The city blooms early again. Pairs of girls
pose by the cluster of magnolias at the tram stop,
lift their chins to flowers big as tea cups. I walk
to our old apartment and look across the street
where the man used to stand in the window
and take out his teeth, his face a quick
sinkhole. My father would say gnashers, gnathic.
I blow my nose and hear songbirds. I’m alone
and there’s no one to confirm my existence.
Yesterday at Vršovická zahrada, I ate pickerel
on a stick and drank beer. My cold calf
brushed a woman’s leg. Her upturned face was soft,
expectant. It’s a different city without you in it.
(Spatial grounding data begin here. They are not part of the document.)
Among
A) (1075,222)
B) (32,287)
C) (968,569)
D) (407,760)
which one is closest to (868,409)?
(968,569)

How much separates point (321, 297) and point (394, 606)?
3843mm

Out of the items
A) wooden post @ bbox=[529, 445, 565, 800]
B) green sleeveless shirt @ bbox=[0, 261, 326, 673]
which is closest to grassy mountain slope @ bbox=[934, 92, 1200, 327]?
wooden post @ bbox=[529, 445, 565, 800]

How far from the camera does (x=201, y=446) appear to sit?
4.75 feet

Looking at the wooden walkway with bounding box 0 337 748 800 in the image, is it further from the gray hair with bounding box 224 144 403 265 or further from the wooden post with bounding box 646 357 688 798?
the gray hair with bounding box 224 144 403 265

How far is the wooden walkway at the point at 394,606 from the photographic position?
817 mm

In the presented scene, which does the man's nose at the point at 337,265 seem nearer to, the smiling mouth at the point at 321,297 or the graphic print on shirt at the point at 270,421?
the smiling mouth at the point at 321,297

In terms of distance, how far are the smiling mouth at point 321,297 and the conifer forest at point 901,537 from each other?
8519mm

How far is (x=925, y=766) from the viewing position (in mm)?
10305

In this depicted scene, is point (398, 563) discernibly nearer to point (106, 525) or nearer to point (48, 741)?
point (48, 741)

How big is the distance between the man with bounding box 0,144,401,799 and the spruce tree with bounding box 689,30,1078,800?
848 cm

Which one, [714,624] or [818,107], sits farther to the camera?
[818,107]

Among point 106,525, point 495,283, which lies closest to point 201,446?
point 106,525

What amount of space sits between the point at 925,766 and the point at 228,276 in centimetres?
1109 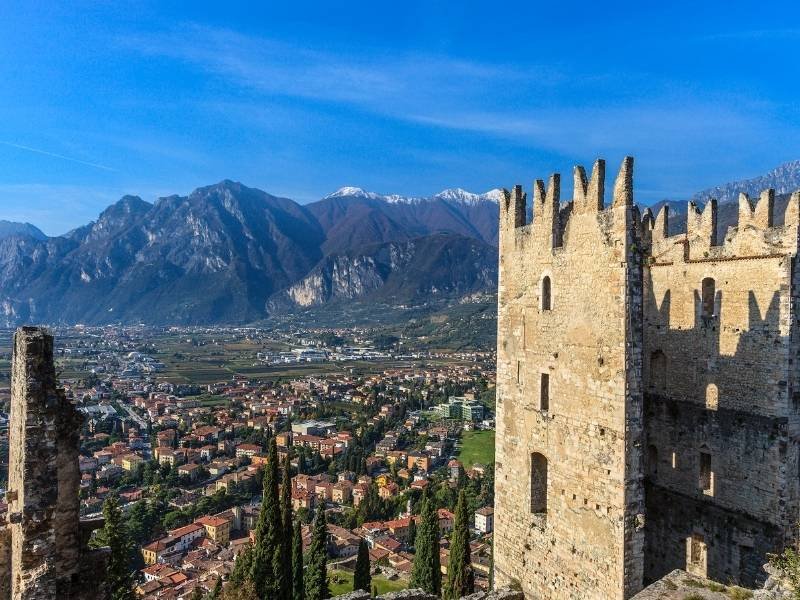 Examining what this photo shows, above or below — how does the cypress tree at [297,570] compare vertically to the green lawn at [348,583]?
above

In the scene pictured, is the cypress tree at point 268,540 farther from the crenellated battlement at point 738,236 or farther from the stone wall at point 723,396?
the crenellated battlement at point 738,236

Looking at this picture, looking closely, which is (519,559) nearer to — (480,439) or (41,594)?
(41,594)

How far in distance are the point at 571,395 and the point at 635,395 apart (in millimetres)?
1543

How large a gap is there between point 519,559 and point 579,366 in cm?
493

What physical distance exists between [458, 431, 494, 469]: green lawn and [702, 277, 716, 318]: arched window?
65.6 meters

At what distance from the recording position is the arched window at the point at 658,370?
14562mm

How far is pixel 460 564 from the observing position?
84.3 feet

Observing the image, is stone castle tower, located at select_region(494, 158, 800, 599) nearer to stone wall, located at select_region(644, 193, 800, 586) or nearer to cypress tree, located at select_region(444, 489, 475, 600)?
stone wall, located at select_region(644, 193, 800, 586)

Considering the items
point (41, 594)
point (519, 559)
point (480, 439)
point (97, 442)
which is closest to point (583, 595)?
point (519, 559)

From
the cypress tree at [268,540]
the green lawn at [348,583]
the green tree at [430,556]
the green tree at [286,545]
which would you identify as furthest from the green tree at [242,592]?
the green lawn at [348,583]

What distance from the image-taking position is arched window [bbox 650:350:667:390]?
14.6 m

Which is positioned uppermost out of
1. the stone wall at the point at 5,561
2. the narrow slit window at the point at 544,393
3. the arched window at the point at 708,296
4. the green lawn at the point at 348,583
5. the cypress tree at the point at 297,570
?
the arched window at the point at 708,296

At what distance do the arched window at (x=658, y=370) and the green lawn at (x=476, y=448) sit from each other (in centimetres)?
6402

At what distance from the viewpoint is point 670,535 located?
45.0 feet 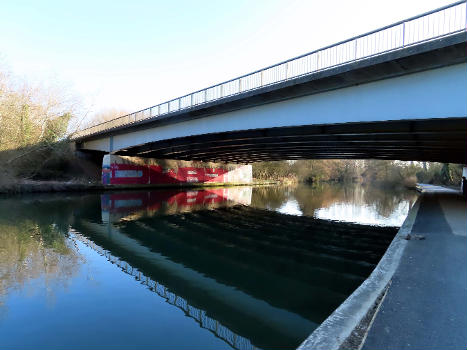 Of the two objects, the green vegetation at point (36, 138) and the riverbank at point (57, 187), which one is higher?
the green vegetation at point (36, 138)

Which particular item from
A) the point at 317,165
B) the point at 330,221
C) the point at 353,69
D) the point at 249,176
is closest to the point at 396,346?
the point at 353,69

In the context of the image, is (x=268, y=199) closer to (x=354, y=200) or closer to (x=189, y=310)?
(x=354, y=200)

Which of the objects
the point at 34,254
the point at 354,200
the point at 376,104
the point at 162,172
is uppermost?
the point at 376,104

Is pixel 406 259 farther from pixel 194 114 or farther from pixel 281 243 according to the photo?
pixel 194 114

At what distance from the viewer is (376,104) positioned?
34.8ft

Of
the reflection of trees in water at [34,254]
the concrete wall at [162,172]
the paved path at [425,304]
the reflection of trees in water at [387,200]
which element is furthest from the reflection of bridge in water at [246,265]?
the concrete wall at [162,172]

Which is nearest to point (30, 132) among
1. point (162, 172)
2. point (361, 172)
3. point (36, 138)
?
point (36, 138)

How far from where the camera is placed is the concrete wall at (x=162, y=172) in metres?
31.6

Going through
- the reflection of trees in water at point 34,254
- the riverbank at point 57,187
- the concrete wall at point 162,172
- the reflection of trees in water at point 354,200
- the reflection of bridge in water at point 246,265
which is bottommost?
the reflection of trees in water at point 354,200

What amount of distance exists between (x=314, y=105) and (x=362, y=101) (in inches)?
86.8

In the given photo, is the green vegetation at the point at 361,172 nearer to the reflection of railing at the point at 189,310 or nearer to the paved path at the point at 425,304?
the paved path at the point at 425,304

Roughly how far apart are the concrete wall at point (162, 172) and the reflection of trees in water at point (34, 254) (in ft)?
63.7

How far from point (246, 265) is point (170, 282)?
2.23 metres

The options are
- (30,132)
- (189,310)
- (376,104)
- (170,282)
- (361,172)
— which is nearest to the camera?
(189,310) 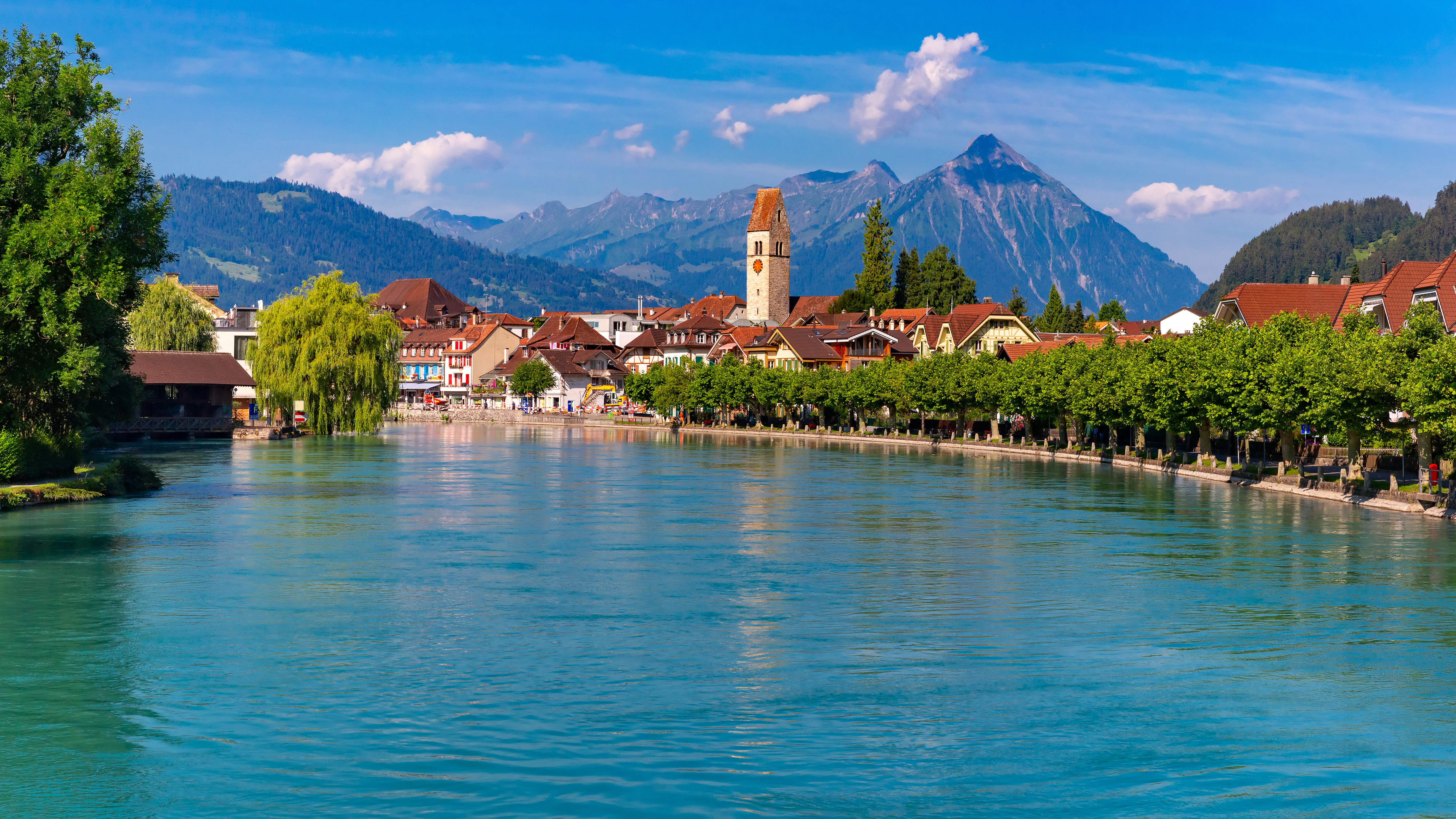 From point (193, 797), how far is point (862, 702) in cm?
984

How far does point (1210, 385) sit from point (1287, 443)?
5.14 meters

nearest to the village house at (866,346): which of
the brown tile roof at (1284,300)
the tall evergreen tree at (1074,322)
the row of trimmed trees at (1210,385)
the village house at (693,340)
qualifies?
the row of trimmed trees at (1210,385)

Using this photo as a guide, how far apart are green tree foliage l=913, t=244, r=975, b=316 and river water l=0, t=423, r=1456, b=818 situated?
133m

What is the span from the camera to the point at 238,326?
14712 centimetres

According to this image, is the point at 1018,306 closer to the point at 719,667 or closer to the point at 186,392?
the point at 186,392

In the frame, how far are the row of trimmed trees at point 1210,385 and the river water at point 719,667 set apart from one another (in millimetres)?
7837

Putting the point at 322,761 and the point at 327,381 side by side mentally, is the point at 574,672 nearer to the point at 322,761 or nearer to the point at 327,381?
the point at 322,761

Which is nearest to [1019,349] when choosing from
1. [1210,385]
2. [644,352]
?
[1210,385]

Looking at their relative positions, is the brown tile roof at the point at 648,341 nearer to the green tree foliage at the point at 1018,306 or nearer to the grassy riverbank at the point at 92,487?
the green tree foliage at the point at 1018,306

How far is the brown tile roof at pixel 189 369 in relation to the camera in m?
97.2

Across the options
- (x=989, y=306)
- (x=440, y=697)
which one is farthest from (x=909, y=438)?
(x=440, y=697)

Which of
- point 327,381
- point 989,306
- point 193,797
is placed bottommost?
point 193,797

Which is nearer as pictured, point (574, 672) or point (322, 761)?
point (322, 761)

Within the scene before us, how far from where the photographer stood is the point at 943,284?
178500mm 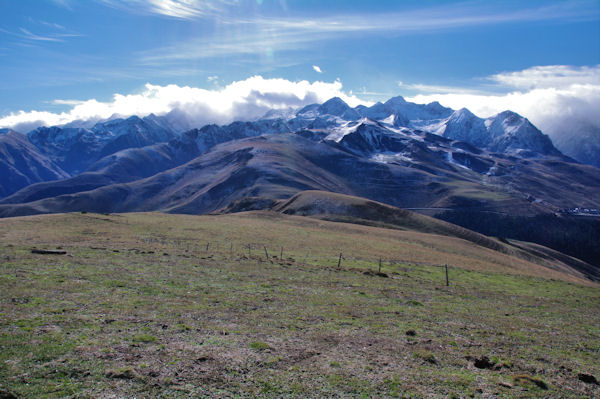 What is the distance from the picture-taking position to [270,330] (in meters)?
19.3

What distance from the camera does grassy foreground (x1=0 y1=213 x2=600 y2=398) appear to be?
532 inches

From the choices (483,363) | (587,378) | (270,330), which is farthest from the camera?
(270,330)

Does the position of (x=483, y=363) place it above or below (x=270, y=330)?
below

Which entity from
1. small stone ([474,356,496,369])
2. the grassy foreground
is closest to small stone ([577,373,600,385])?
the grassy foreground

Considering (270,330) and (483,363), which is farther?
(270,330)

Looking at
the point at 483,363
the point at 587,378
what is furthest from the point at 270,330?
the point at 587,378

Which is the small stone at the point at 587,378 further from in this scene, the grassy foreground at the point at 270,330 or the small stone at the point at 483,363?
the small stone at the point at 483,363

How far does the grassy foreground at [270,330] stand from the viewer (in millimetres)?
13516

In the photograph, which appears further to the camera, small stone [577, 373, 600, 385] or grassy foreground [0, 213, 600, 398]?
small stone [577, 373, 600, 385]

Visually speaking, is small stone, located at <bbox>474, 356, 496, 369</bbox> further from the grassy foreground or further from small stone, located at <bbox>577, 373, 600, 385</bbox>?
small stone, located at <bbox>577, 373, 600, 385</bbox>

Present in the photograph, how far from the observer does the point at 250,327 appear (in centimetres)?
1962

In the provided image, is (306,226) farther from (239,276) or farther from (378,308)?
Result: (378,308)

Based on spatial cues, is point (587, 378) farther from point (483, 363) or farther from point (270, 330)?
point (270, 330)

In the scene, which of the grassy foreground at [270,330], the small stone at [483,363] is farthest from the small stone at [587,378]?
the small stone at [483,363] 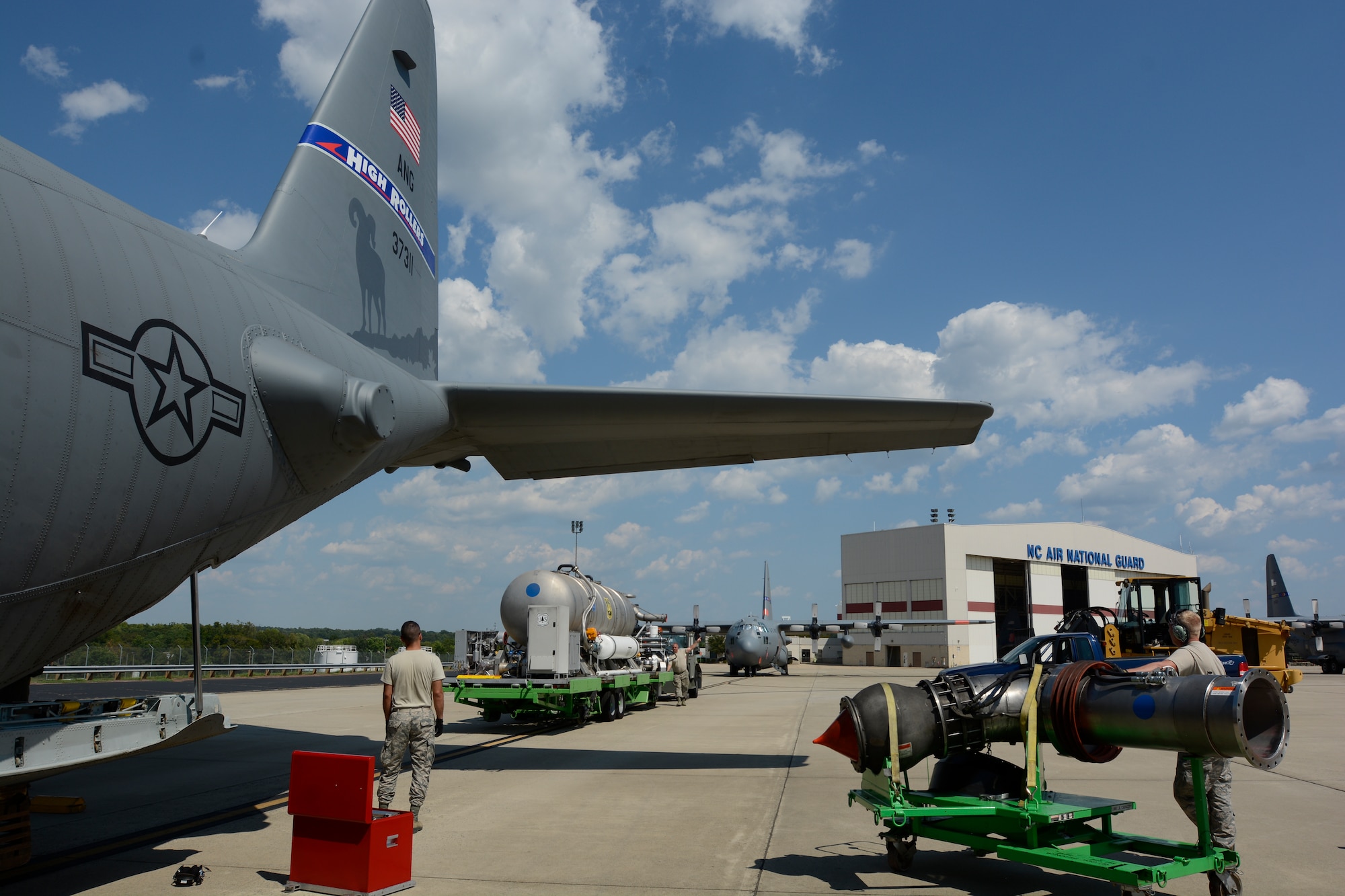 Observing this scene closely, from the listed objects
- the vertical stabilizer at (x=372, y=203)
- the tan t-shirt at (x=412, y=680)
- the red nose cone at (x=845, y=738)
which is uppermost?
the vertical stabilizer at (x=372, y=203)

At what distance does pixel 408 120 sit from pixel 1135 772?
12.4 metres

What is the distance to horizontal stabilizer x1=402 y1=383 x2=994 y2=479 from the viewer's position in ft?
28.6

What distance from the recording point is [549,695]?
15.1 meters

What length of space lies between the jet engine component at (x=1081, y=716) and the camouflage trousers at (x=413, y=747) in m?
3.75

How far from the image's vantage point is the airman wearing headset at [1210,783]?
5.55 meters

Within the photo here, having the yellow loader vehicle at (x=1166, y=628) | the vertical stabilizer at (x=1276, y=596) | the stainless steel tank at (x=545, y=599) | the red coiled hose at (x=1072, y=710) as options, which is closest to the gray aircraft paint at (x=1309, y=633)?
the vertical stabilizer at (x=1276, y=596)

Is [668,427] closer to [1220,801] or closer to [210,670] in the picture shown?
[1220,801]

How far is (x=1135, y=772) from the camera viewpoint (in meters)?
11.3

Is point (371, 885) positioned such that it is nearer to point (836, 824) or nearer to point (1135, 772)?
point (836, 824)

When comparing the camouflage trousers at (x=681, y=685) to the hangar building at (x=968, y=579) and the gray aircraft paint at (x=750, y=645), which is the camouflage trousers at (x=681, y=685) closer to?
the gray aircraft paint at (x=750, y=645)

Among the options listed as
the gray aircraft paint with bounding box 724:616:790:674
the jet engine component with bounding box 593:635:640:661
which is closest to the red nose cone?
the jet engine component with bounding box 593:635:640:661

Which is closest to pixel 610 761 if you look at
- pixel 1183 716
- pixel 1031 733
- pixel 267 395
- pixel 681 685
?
pixel 1031 733

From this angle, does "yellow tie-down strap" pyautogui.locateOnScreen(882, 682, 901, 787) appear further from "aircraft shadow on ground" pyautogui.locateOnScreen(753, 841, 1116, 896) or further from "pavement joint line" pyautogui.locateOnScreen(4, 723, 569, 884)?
"pavement joint line" pyautogui.locateOnScreen(4, 723, 569, 884)

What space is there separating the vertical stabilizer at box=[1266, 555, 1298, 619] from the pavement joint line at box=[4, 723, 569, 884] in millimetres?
64050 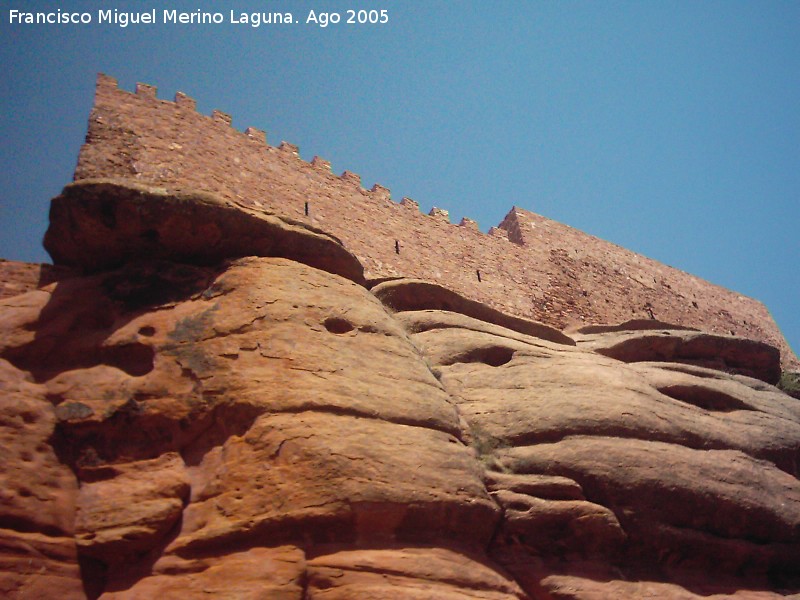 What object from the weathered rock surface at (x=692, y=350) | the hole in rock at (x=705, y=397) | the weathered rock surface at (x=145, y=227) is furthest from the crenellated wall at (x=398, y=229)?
the hole in rock at (x=705, y=397)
Clouds are strung up like bunting. Easter: the boys
out to weave willow switches, to hit the girls
for boiled eggs. Following the crowds
to Karlův most is a practice in patience, serpentine
through tourists. I’m slippery, a slick customer
in sunglasses. A guide tells a ball-capped group
of defenestration, self-immolation, how desolate,
the dying in this city. Last night I dreamt
of a moth the colour of sea foam, ensorcelled
by its own reflection in the mirror. Do you
still dream of aging in a velour jogging suit?
I sit on my new window ledge, the way
that made you nervous, and scissor
my legs. Imagine my falling body. Plan to buy
a big potted plant to anchor myself here,
to this place for a while. Forty minutes
away by bus is the gorge in Prokopské
where the devil was rumoured to escape
through the cave ceiling, leaving a hump behind.
In winter, kids toboggan the slope and say, speak
of the devil. Is it easier to be the one leaving or left?
A friend tells me loneliness is good for poems
but I picture you on the couch darning socks.
A flower on the sill left unopened. It’s comforting to think
there are clouds above your head. For your birthday
we hung one hundred balloons from the ceiling
with string. A little rain played against the window.